Dans le public à Nouméa, Sylvain Mafutuna, entraîneur en Nouvelle-Calédonie, a été particulièrement touché par ce film qui pourrait tout à fait retracer sa propre histoire de joueur. « Cela montre avec véracité comment on est perçu et ce qu’il peut se passer quand on est livré à nous- mêmes quand on n’a pas l’habitude d’un nouveau pays, d’une nouvelle mentalité… Il y a aussi ces pseudo agents que ma génération appelait « les négriers ». Cela se retrouve partout dans le sport et c’est une réalité. C’est un parcours du combattant. » Heureusement, dit-il, depuis une dizaine d’années, des gens comme Laurent Paki (qui bizarrement incarne un rôle tout à l’opposé de ce qu’il est) et les entraîneurs comme lui, revenus formés, essayent de préparer la jeunesse au départ.

De son côté notre héros, Toki, évoque la difficulté de finir étranger partout, d’être sans cesse pris en France pour un Maori ou un Samoan. « Personne ne connaît Wallis. Et c’est aujourd’hui une fierté que de faire connaître le monde wallisien en France et à l’international. » Gageons que ce film voyagera, tant il est juste, touchant et remuant.

En attendant, Sacha Wolff, qui aura donné sept ans de sa vie à ce film, a peut être réussi son principal objectif : séduire le public en Nouvelle-Calédonie. Car, ce film, confie-t-il, il l’a « peut- être plus fait pour les spectateurs wallisiens, calédoniens, océaniens, que pour les autres ».

C.Maingourd 

————————————

Mercenaire

Drame français de Sacha Wolff (2016). Durée : 1 h 44.

Avec Toki Piloko, Lliana Zabeth, Mikaele Tuugahala, Lauren Pakihivatau, Petelo Sealeu…

Production Timshel Productions-3 B Productions- Arte France cinéma, avec le soutien de la province Sud (Capac), distribué par  Ad Vitam Distribution. Les ventes internationales sont pilotées par Be for Films.

Palmarès et projections

Mercenaire a obtenu le Prix Label Europa Cinémas à la Quinzaine des réalisateurs du 69e Festival de Cannes.
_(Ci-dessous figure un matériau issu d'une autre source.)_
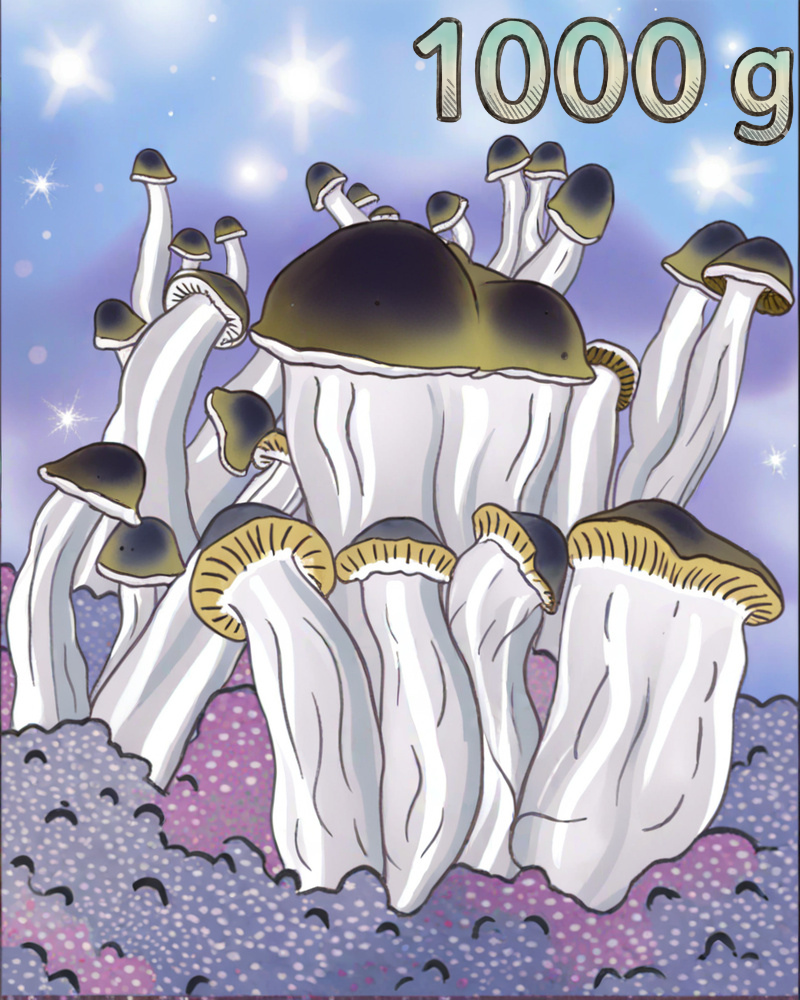 Mini Growkit DC Mak Full Auto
Un label discerné par un jury d’exploitants au meilleur film européen de la section parallèle.

Le film va être projeté en avant-première à La Rochelle, au New Zealand Film Festival fin juillet, au Melbourne Film Festival, en divers endroits de métropole cet été, puis d’autres festivals internationaux avant une sortie officielle en France, en janvier. Il sera également sur Netflix.